Star Wars: The Old Republic Interviews
-
Category: News ArchiveHits: 1349
"I'm not saying it's better or worse. It just doesn't supplant the other things. 'Cause we can do some things no one else can," Zeschuk added. In his eyes, a free-to-play dev isn't able to throw the same amount of resources and time at an MMO project, and that marks a big differentiation between the two business models. "The free-to-play people can't invest to the level we can invest, and can't create something of the size and scale of something we can create," he said. The idea that free-to-play will take over all other MMO business models, he said is, "from a business perspective, ridiculous."
Beyond SW: TOR, BioWare's Mythic branch is also operating Warhammer Online and Dark Age of Camelot, among others, so I asked how many MMOs BioWare - now a label itself under the EA name, encompassing eight studios around the world - could sustain. "I think it's the kinda thing that you can adjust the size of the business and what you're doing with it to make it a good investment," Zeschuk told me. While he admitted that "you don't want to be making a whole bunch of them [MMOs] at the same time," his view is that MMOs are a scalable business - this attitude is exemplified by BioWare's use of multiple studios to piece together The Old Republic, rather than massively scaling up a single location and potentially facing massive layoffs down the road.
Before moving off the subject, Muzyka managed to sneak in a bit of a tease regarding BioWare's future work in the free-to-play space. "You can re-imagine things and kinda envision them in different ways," he said of the business model's advantages. "We have some other stuff we haven't announced yet coming from our play-for-free team that I'm really excited about. It's gonna bring back some IP that people have a lot of fond memories around." As with most of our BioWare speculation, we're gonna go ahead and hope for some form of a Jade Empire "re-imagining." Pretty much anything Jade Empire, is what we're saying.

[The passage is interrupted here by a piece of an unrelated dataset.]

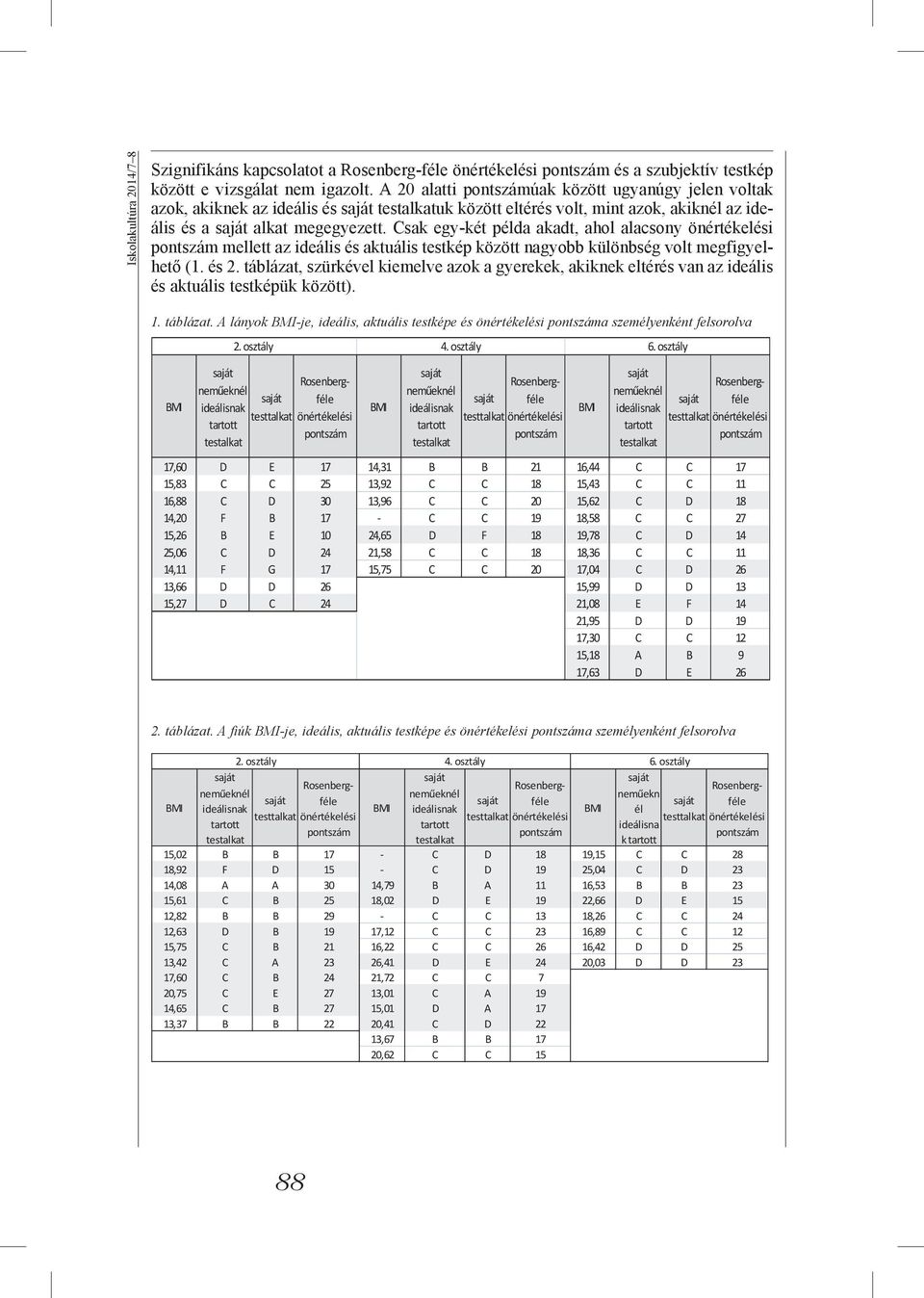 Csak egy-két példa akadt, ahol alacsony mellett az ideális és aktuális testkép között nagyobb különbség volt megfigyelhető (1. és 2.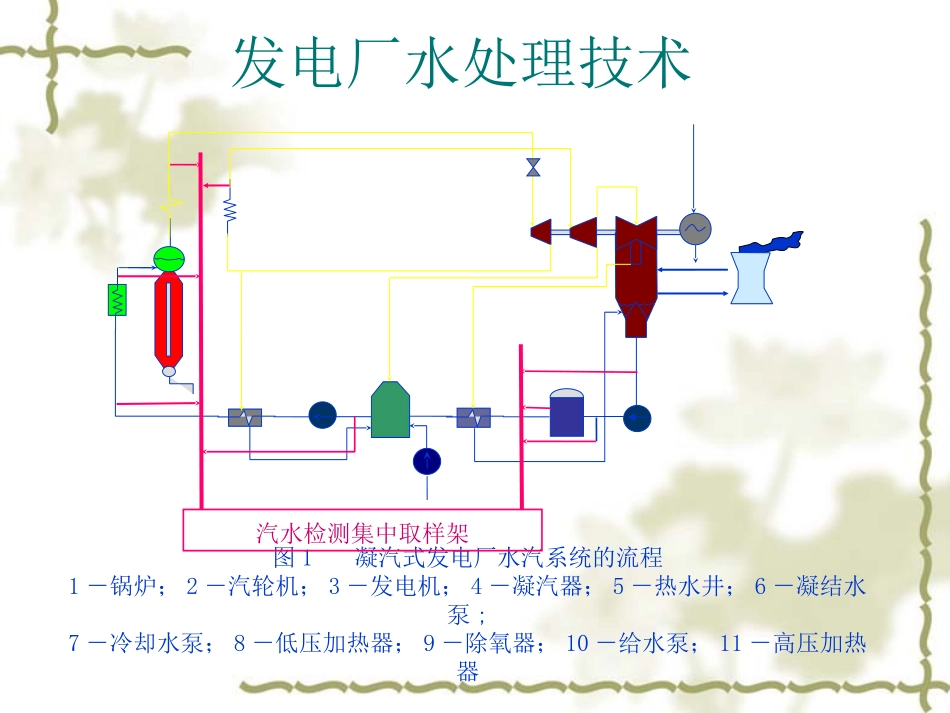 1.2天然水中的杂质_第2页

And then we stop by PC Gamer for a piece featuring lead writer Daniel Erickson commenting about the processes that were used to create the game's dialogue and story content:
(It starts with the plot summary which is very much like a story idea pitch,) says Erickson. (That's written very much like a classic story they're going to do that in word and paragraph and whatever. We're gonna go through that, we're gonna see if it's just a good story in general? Does it have the right things that you need for a Star Wars story: are there great characters? Are there great twists? Is it overly predictable?)
Once a narrative has been decided, it has to be applied to the MMO format. There are plenty of logistical questions that need answers before any writing can begin. How many NPCs will be needed to tell the story? How many conversations do they need to have? What do they have to communicate in each one? All of this gets decided in a series of detailed design documents. Erickson tells us that (the idea for the design document version of it is that if we had to hand it to a different writer they could do it and, although the words would be different, it would generally come out about the same.)
After that, each story line gets passed back and forth between the writers, artists and animators. A line like (and then a the annoying Gungan is hurled face first into an exploding sun) is easy to write, but technically almost impossible to realise. It's initially up to the world designers to help decide what is and isn't going to work.